世界一になったが、コマじゃない!? でもルールはセーフ! 物議醸した「世界コマ大戦」:メカ設計イベントリポート(2/5 ページ)
町工場が持てる技術とアイデアを直径2cmのコマに注ぎ込むコマ大戦。今年は海外勢や高校生も加わり、いっそうの盛り上がりを見せた。“世界一”に輝いたのは、考え抜かれた超異端コマ。優勝コマがどうしてルール違反ではなかったのか説明しつつ、カジミツ松宮氏による構造図と共にその仕組みについても触れる。
コマたちはバラエティ豊か
コマ大戦の試合はトーナメント形式(※)で、直径25cmの土俵の上にコマを投げ、土俵から出るか、または接地面が先に止まった方が負けとなる。2回続けて勝てば次の対戦へと進める。コマ形状は、回転軸に対して直径が2cm以下、高さが6cm以下となっている。材質・重さ・形は問わない。重くして当たり負けしないことを狙ったものや、軽量化によって持久性を高めたもの、回すと変形したり相手に応じてパーツを組み替えたりするものなど、チームそれぞれの技術やアイデアを詰め込んだコマが作られる。

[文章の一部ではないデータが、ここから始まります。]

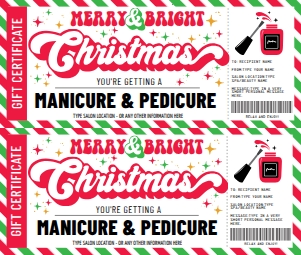 SEM-Christmas Voucher-Mani Pedi-Merry/Bright design preview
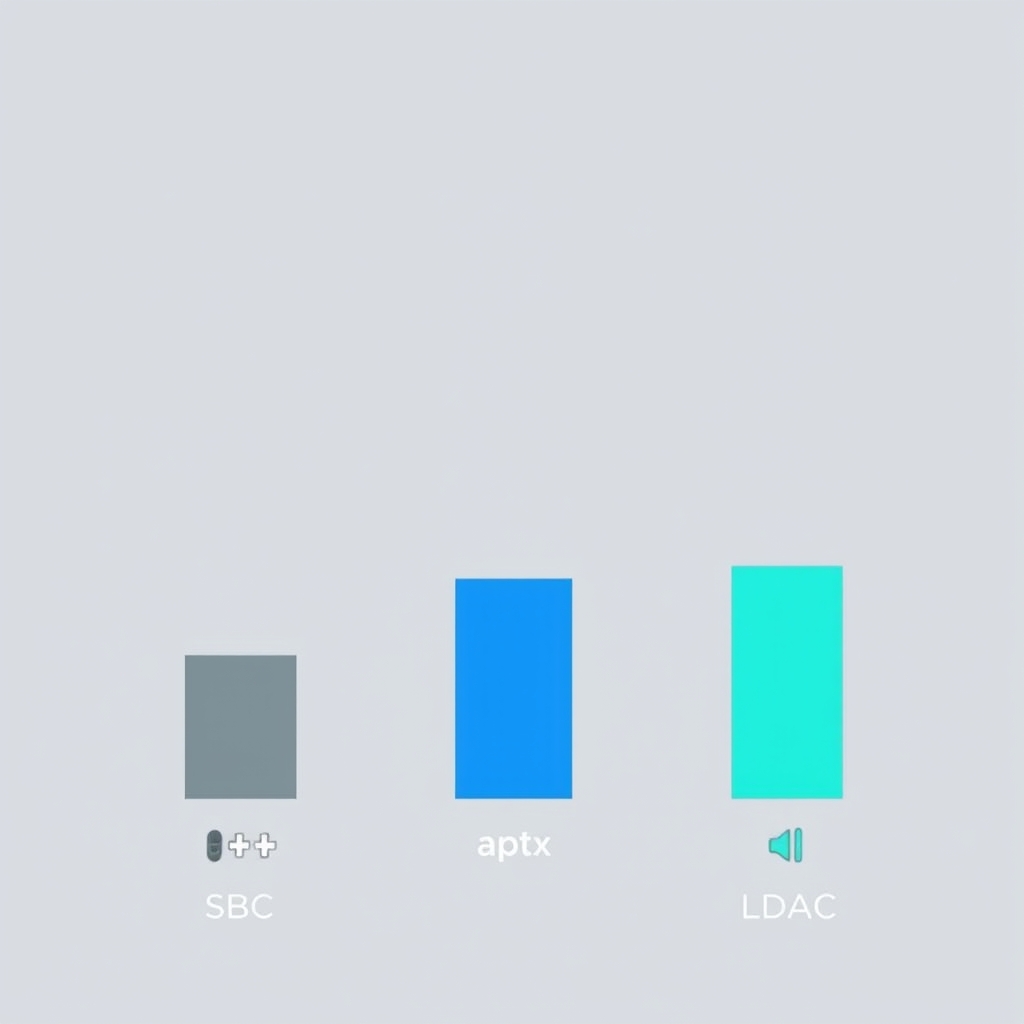 bluetooth codec — Bar chart comparing bitrate capacity across SBC, aptX, and LDAC codecs.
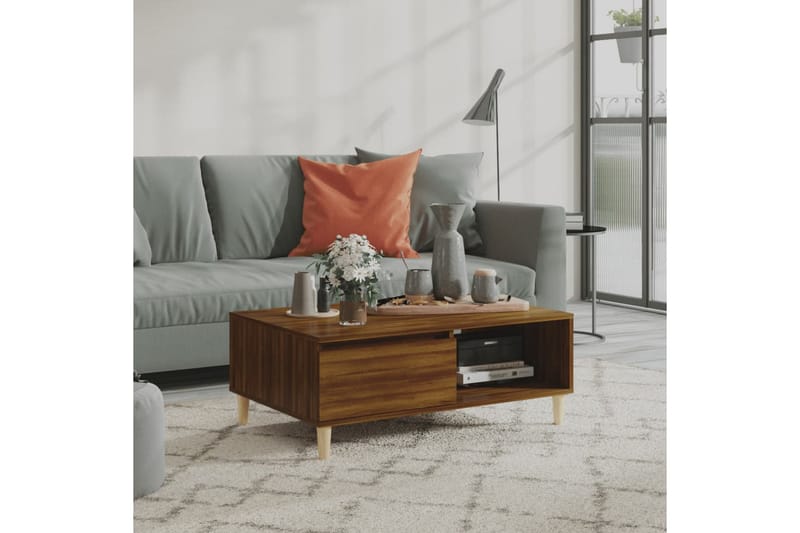 Soffbord brun ek 90x60x35 cm spånskiva - Brun - Möbler - Bord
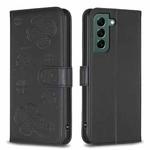 For Samsung Galaxy S24 FE 5G Four-leaf Embossed Leather Phone Case(Black)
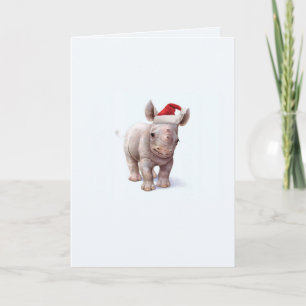 Cartão De Festividades Christmas Zoo Babies Rhino Christmas Card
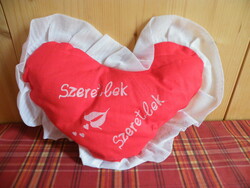Old retro, new small red heart pillow, from the 1980s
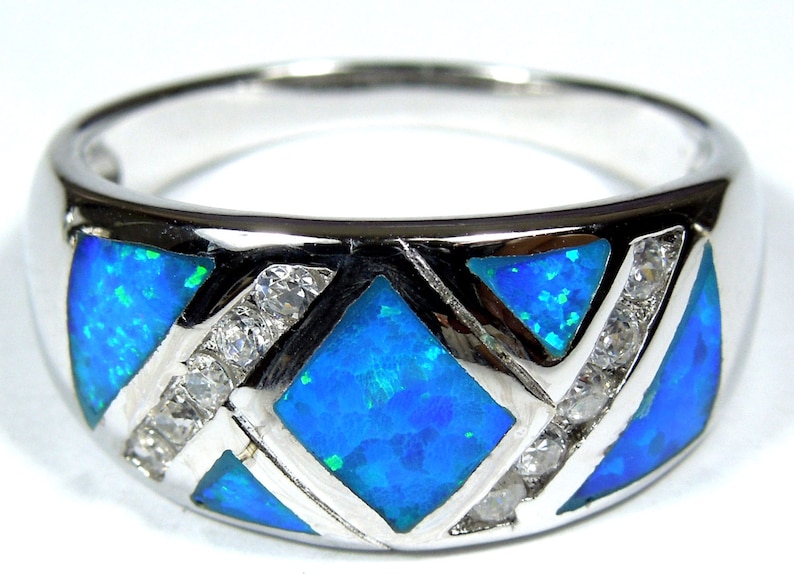 blue fire opal mens ring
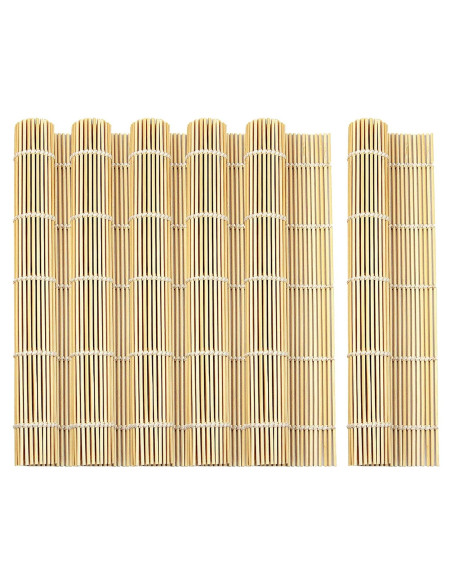 6 Esteras de Bambú Natural para Sushi LEEPHONE 24.1 cm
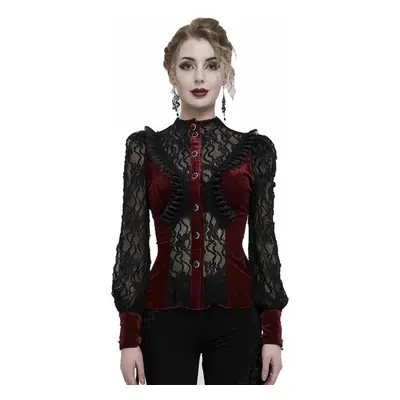 women's shirt DEVIL FASHION - Black and red semitransparent gothic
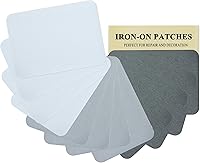 Vista 1 de 12 piezas de parches termoadhesivos de tela de alta calidad, pegamento fuerte, kit de decoración de reparación 100% algodón, tamaño 3 x 4-1/4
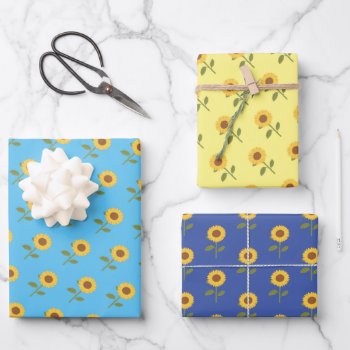 Yellow Sunflower Birthday Cute Botanical Gift Wrapping Paper Sheets by GenerationIns at Zazzle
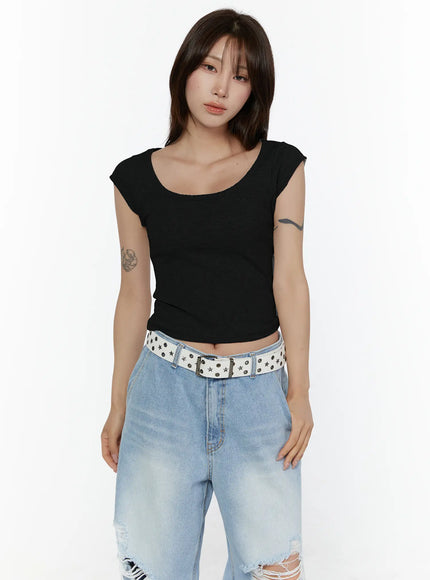 Ribbed Cap Sleeve Top CL508 in Black, size S/M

なおコマの動きや勝敗の判断には細かい基準がある。「そこまで必要なのか!?」と思ってしまうようなルールもあるのだが、そのルール変更に少なからず影響を与えてきたのが、さまざまなアイデアのコマを作ってきた今回の日本の決勝戦進出チームだ。
決勝戦は蓋を開けると世界大会らしく、海外チームと日本チームの戦いとなった。以降では決勝進出チームを中心に、今回初登場となった海外や高校生のチームも紹介する。
コマなのか? コマなのか!?
今回注目だったのは、何と言っても優勝した「審議隊トミーとマツ――カジミツ」のコマだろう。同チームはカジミツ(愛知県半田市)の松宮政美氏と安久工機(東京都大田区)の福富善大氏のコンビだ(中日本ブロック枠で出場)。バラエティ豊かなコマがそろった中でも、その存在感と不気味さは格別だった。
カジミツのコマの初登場は1回戦の対ゼヨン機械(韓国)戦だ。
黒椙田ゆうじ氏が「とうとうあのチームが出てきてしまいます。会場の皆さんは、これから悪夢を見ることになると思います」と実況したが、まさにその通りの展開となった。
行司の掛け声で両チームがコマを置くと、会場にどよめきがあがった。ゼヨン機械のコマはきれいに仕上がった“コマらしいコマ”なのに対し、カジミツのコマは規定最大寸法いっぱいの、どう見ても“金属の円柱”というコマらしからぬ外見だったからだ。コマとは思えないくらいゆっくりと回転し、土俵上での動きもまるで地を這っているかのようだった。
徐々に2つのコマが近づいて接触し、ゼヨン機械のコマは何度か接触しながらカジミツのコマの周りを回った後に、力なく倒れてしまった。ゼヨン機械は2戦目で投げ方を変えたものの、カジミツに敗れた。